The shallow minded will celebrate the execution of Saddam as a victory and perhaps as a watershed moment.  It ain't either--i.e. victory or watershed.  If this is a pivotal moment it is simply turning a corner and driving into a deadend alley.

Remember the happy talk and predictions surrounding the death of Saddam's sons way back in July 2003?  The Times of London, in describing the demise of Uday and Qusay, reported that:

They were the targets of the first US airstrike, and repeatedly attacked during the campaign. Their escape from Baghdad was a source not just of frustration to the invasion forces, but also of gnawing anxiety to Iraq's people. With the mangled bodies retrieved by the 101st Airborne from the columned villa in the northern city of Mosul confirmed as those of Uday and Qusay, therefore, the United States has turned a corner in Iraq whose psychological importance is hard to exaggerate. Even if Saddam himself is still alive, his dynasty will be dead.

Turning that corner turned out swell, didn't it?  How about Professor Fouad Ajami's nifty prophecy about the benefits we would reap from Saddam's capture?

In a 60 Minutes interview on December 14, 2003, Dan Rather asked Ajami about Saddam's capture:

Prof. AJAMI: Well, I think I believe that the way we captured Saddam Hussein, and the fact that he gave up without--without a fight will take the oxygen out of a certain kind of resistance to the American presence. When the man himself in this hole in the ground give himself up without a fight, it's very difficult for these jihadists--kids from Saudi Arabia and Syria and etc. who will come to Iraq ready to fight and die for the cause.

Now there are what our military in the love of acronyms call the FRLs, the former regime loyalists.

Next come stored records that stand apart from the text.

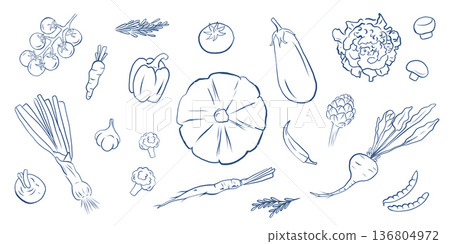 Hand drawn doodle style vector illustration of fresh farm vegetables set. Perfect for menu, cafe, farm markets organic food branding eco-friendly campaigns 136804972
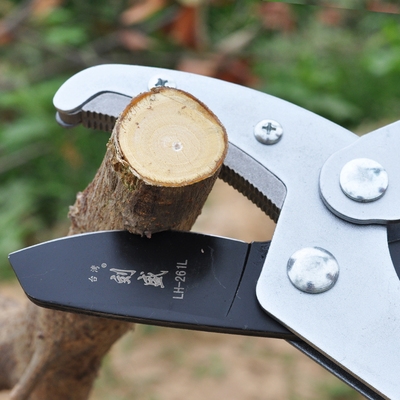 淘宝 进口粗枝剪高枝果树园艺伸缩大力剪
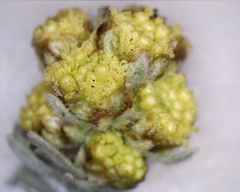 Artemisia furcata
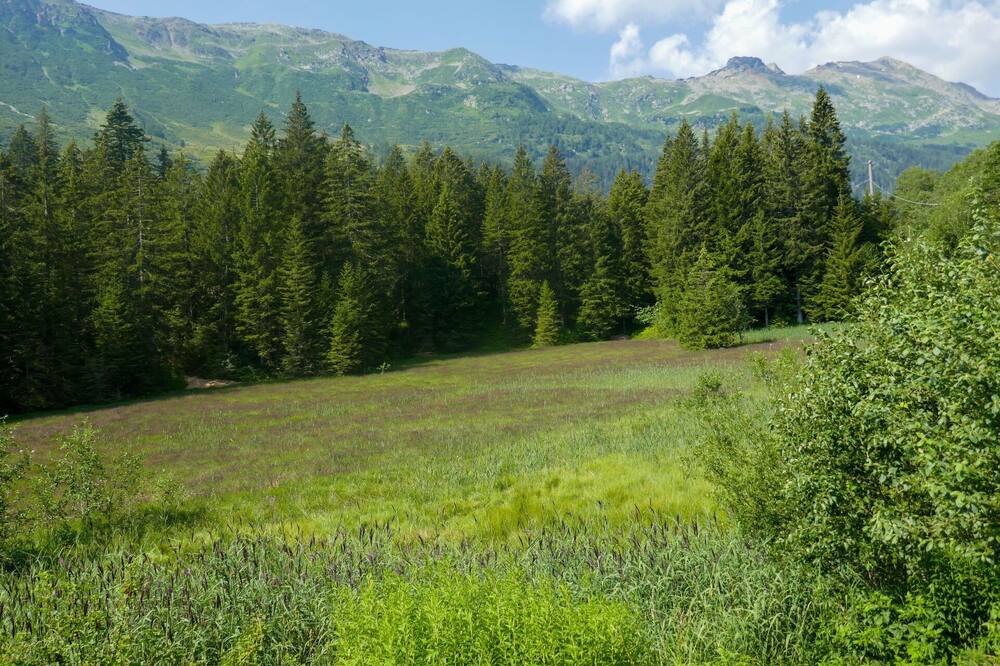 Photo of Outdoor in Olivone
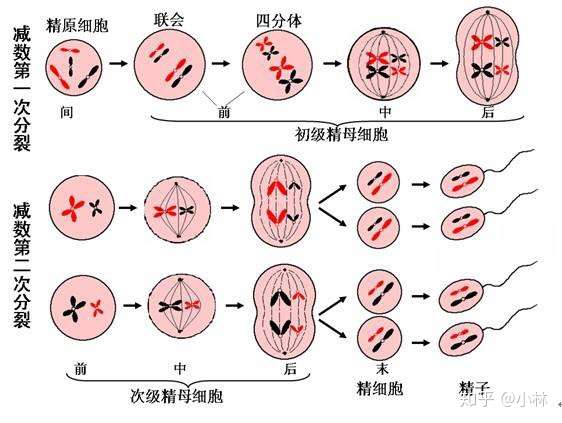 组合"以及四分体时期的"非姐妹染色单体交叉互换"都是属于基因重组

They, too, I think will be deeply discouraged and deeply dispirited by the way he gave up. Will it be--will it be fully a panacea there? Will everything come to an end? Will all the resistance come to an end? Not--not quite. But I think it's a great day for us, and we have turned a corner in this battle for a decent and--and stable Iraq.

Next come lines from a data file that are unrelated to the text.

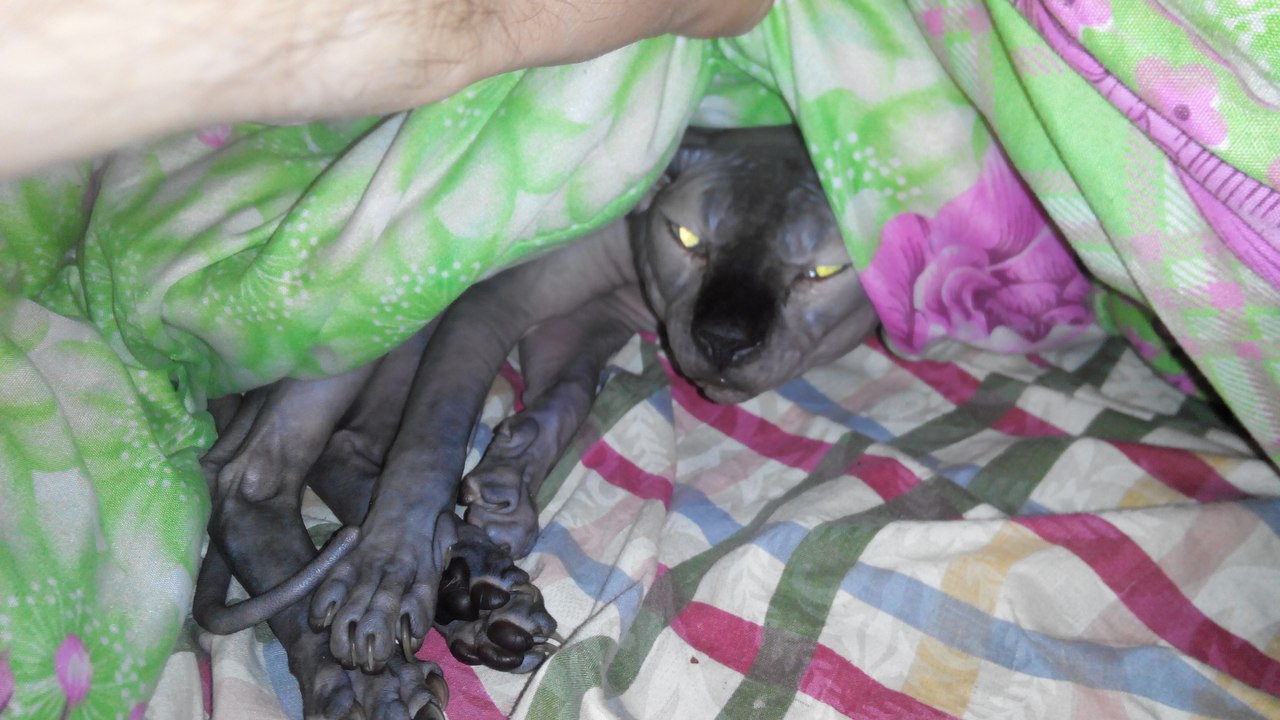 index.php?act=attach&type=post&id=531520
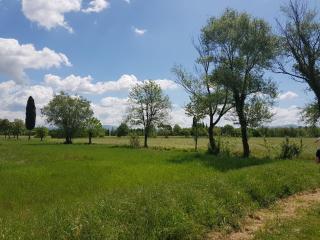 Podere Buriano - Arezzo - 4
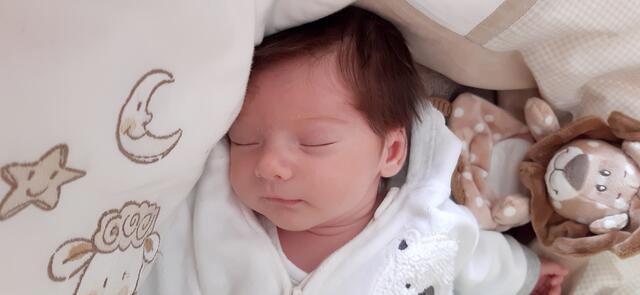 Tobias
Geburt: 24. Oktober 2021
53 cm, 3.440 g
Christina und Dietmar Zitz aus Großklein | Foto: Privat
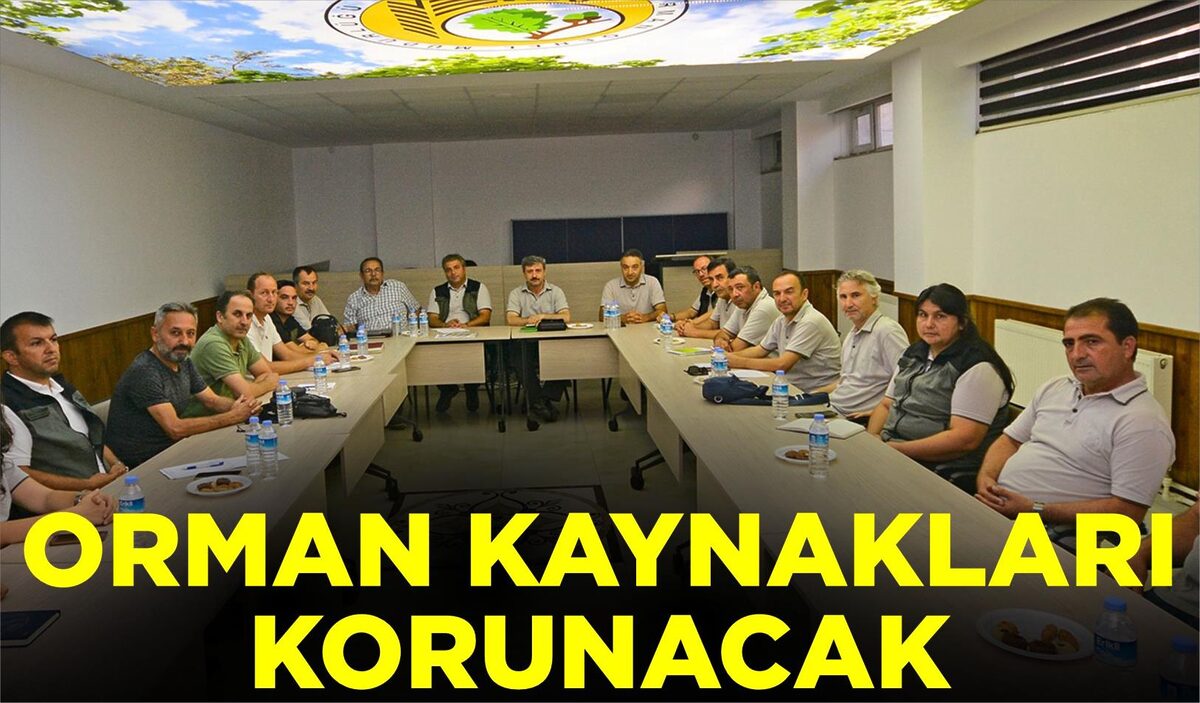 ORMAN KAYNAKLARI KORUNACAK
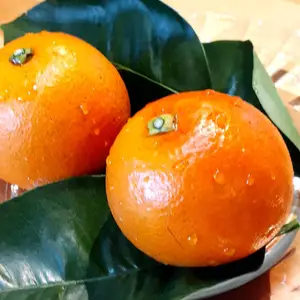ブラッドオレンジ(タロッコ)〜無農薬自然肥料除草剤不使用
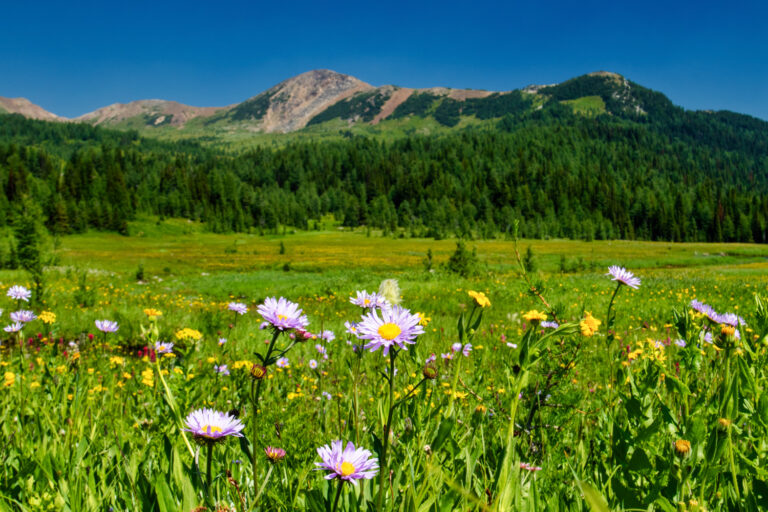 wildflowers mountains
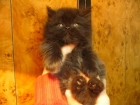 Preciosos gatitos persa - mejor precio | unprecio.es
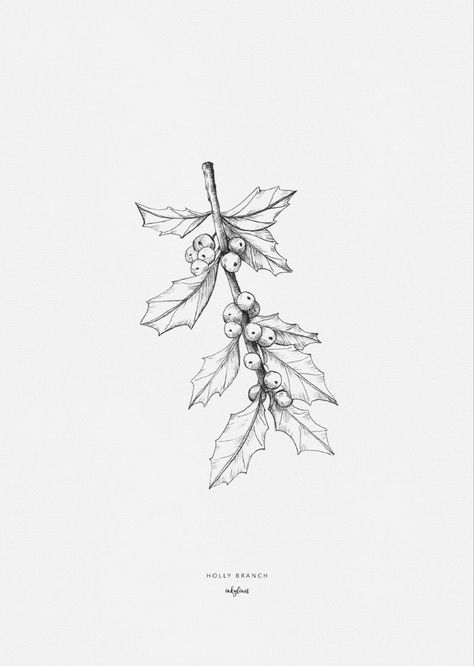 Holly Branch, Love Patience, Tattoo Graphic, Leaf Drawing, Plant Drawing, Tree Tattoo, Christmas Drawing, Black And White Illustration, Christmas Illustration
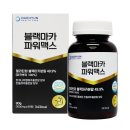 대현식품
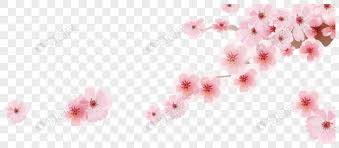 Des fleurs comme sakura et les chrysanthèmes sont des symboles nationaux de la culture japonaise, et exerce une grande puissance dans la beauté du pays et la vie des japonais. Photo De Dessin Anime Romantique Fleur De Cerisier Ornement Japonais Numero De L Image400907122 Format D Image Png Fr Lovepik Com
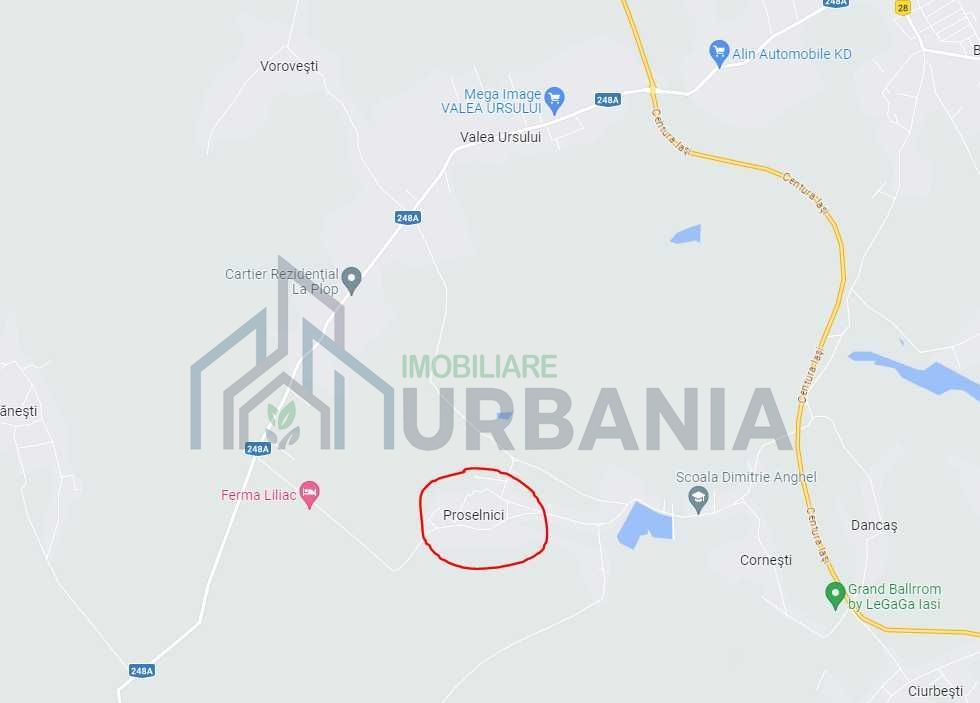 Teren intravilan de vanzare in Miroslava, sat Proselnici – 7.000 mp - Poză 7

Fouad, nice try but big miss.  Today we mourn the largest loss of U.S. soldiers in one month since January 2005.  Iraq is neither decent nor stable.  It is a bloody disaster.  And the execution of Saddam  adds to the bloodlust that drenches Iraq and spews the venom poisoning the prospects for a stable, non-sectarian Iraq.  But, look on the bright side.  It is a slow news day and the B-teamers manning the 24 hour news channels will have something to bloviate about as they celebrate the new corner we are turning.  Happy New Year.